» Data to use:
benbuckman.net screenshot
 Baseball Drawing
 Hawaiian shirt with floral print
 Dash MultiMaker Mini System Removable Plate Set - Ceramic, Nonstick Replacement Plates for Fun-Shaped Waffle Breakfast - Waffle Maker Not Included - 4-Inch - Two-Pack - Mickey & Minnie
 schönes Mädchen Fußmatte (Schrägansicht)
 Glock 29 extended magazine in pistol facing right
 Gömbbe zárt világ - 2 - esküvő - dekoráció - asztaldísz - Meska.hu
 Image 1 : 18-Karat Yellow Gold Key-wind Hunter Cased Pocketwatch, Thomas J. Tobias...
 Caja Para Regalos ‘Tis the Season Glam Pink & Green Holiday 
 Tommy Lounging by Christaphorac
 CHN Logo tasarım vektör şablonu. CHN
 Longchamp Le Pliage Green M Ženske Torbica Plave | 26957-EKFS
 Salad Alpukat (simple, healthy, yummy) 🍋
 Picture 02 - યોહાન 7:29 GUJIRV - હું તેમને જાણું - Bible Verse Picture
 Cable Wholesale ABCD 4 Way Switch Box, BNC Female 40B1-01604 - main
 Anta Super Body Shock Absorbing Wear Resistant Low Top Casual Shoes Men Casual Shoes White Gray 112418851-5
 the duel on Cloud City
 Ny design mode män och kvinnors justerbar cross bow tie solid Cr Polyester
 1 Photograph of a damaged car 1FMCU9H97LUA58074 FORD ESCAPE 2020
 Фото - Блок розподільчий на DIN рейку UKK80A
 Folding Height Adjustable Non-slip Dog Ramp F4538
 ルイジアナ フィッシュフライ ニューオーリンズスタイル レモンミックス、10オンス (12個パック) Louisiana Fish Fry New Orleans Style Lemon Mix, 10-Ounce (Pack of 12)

» Problem:
From the material above, gather all lines that include the string "Pack" and copy them.

» Exercise solution:
 Dash MultiMaker Mini System Removable Plate Set - Ceramic, Nonstick Replacement Plates for Fun-Shaped Waffle Breakfast - Waffle Maker Not Included - 4-Inch - Two-Pack - Mickey & Minnie
 ルイジアナ フィッシュフライ ニューオーリンズスタイル レモンミックス、10オンス (12個パック) Louisiana Fish Fry New Orleans Style Lemon Mix, 10-Ounce (Pack of 12)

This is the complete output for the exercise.